**WORK TO COMPLETE**
Once the line holding "Action Linka z" appears, repeat it and each line after it to the end of the data, exactly and with nothing else; pictures stay out.

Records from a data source
○ ○ ○ ○ ○
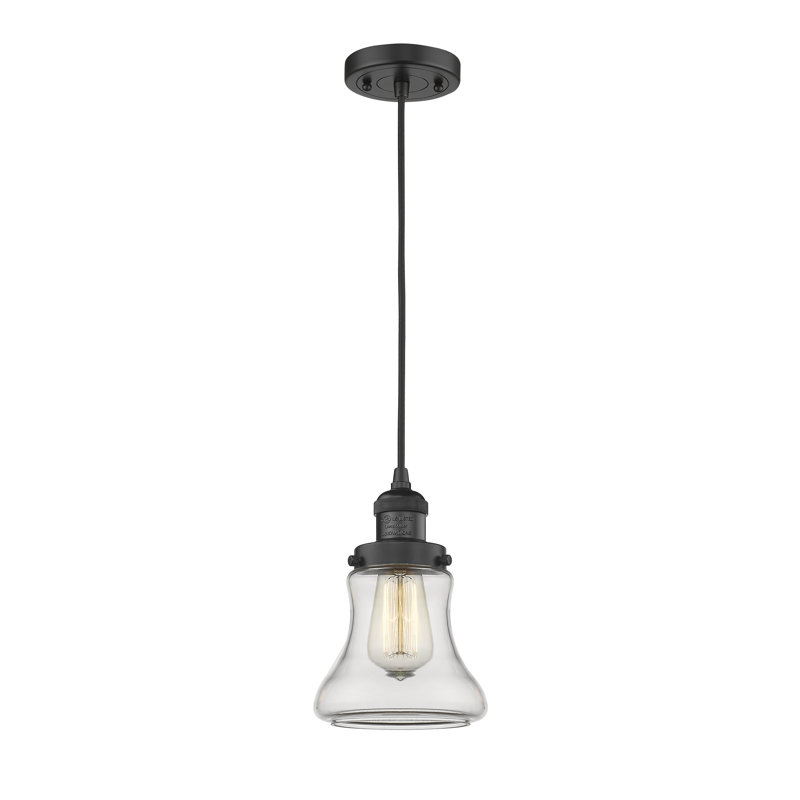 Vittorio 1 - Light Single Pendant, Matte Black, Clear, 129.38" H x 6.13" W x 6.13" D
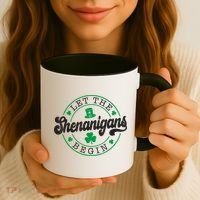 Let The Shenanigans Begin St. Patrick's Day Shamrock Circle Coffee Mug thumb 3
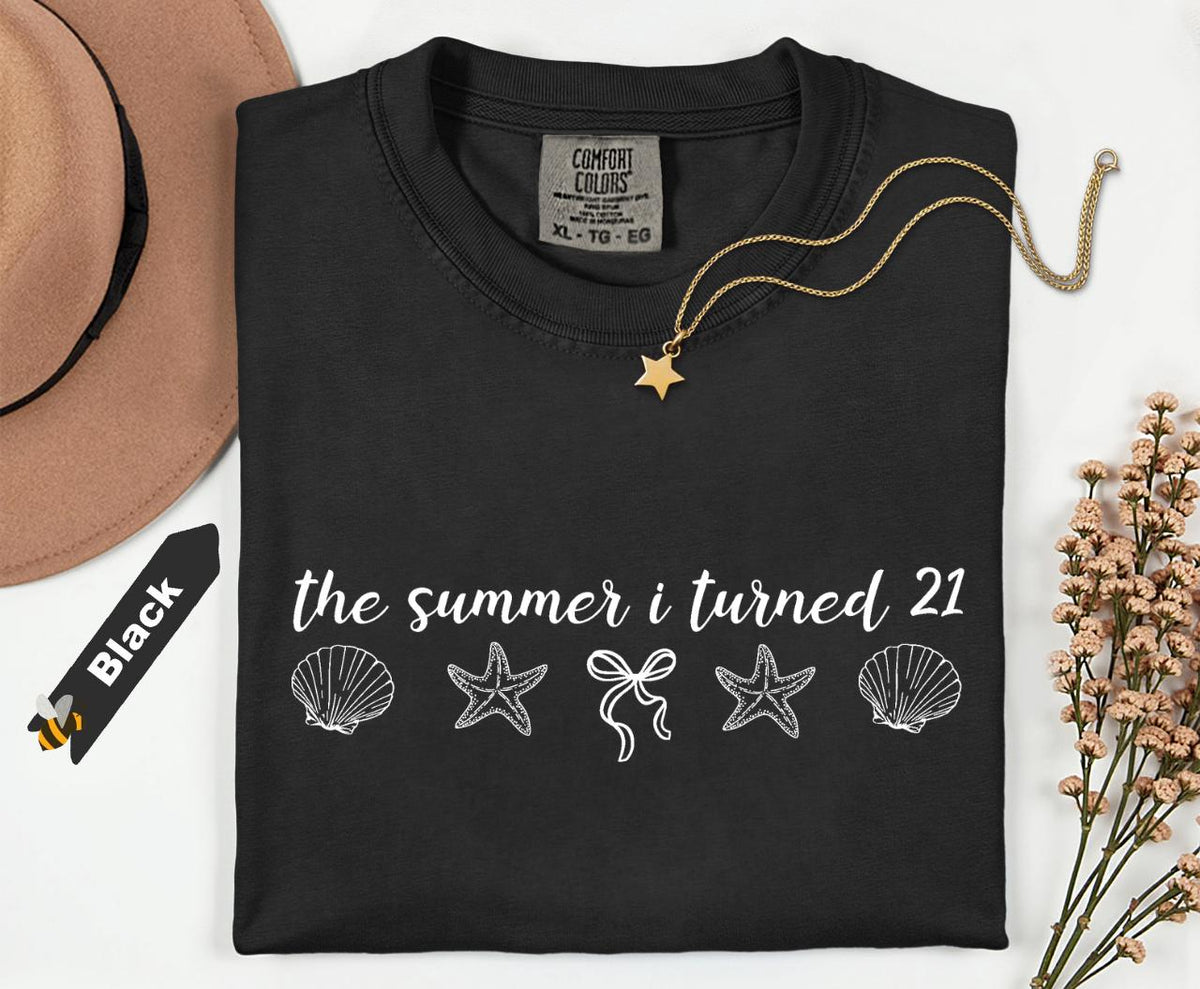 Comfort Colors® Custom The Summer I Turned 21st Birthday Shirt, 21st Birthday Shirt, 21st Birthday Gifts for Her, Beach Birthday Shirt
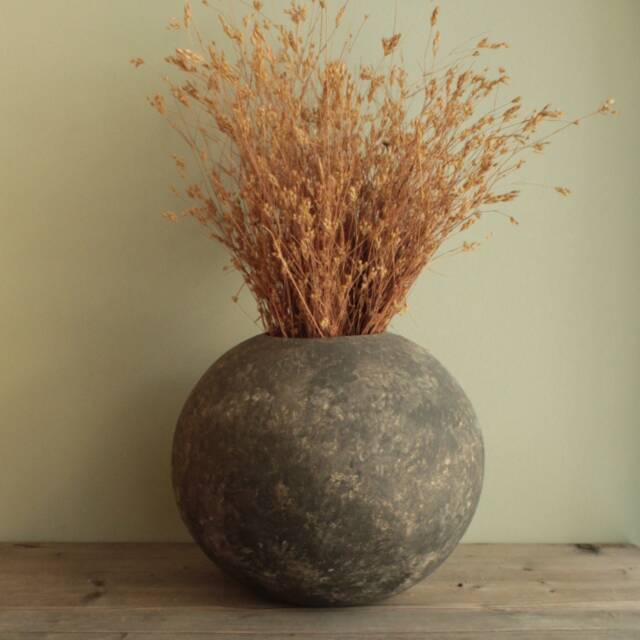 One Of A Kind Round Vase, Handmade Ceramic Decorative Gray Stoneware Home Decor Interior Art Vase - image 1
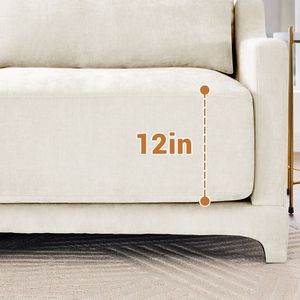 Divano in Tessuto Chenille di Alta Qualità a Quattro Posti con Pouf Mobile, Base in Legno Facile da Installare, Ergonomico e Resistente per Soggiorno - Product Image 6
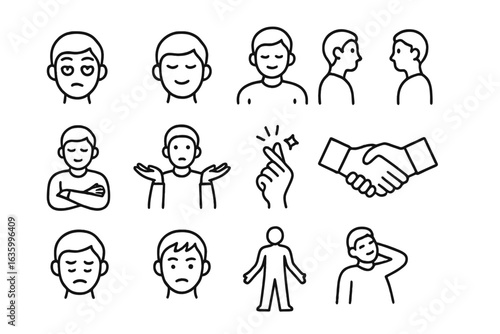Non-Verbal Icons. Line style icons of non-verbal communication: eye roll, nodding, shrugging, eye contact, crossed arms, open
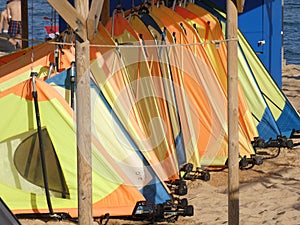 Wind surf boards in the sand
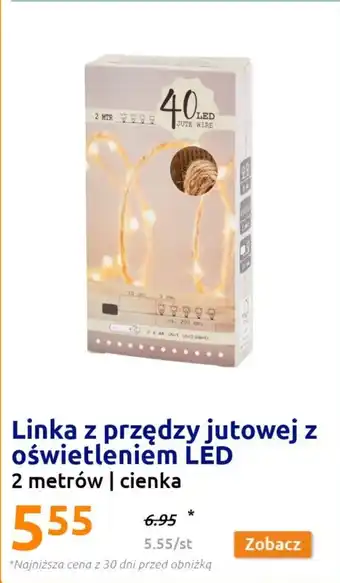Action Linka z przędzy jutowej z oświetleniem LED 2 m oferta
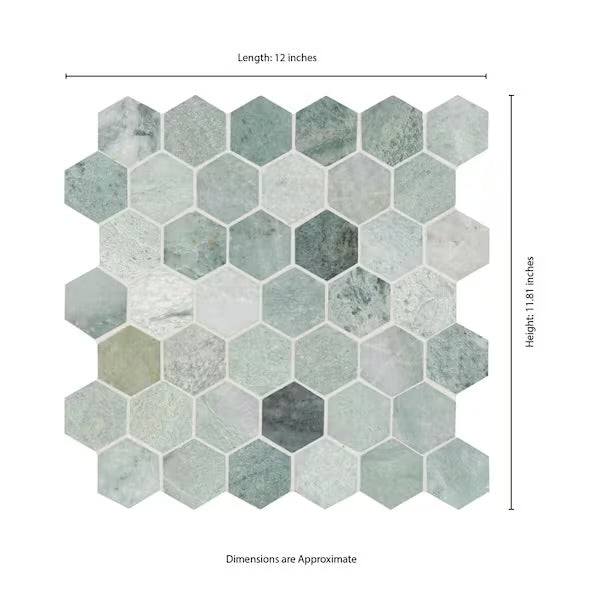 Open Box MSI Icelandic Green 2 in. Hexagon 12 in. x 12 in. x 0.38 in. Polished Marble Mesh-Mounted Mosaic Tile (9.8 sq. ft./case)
○ ○ ○ ○ ○
**EXPECTED OUTPUT**
Action Linka z przędzy jutowej z oświetleniem LED 2 m oferta
 Open Box MSI Icelandic Green 2 in. Hexagon 12 in. x 12 in. x 0.38 in. Polished Marble Mesh-Mounted Mosaic Tile (9.8 sq. ft./case)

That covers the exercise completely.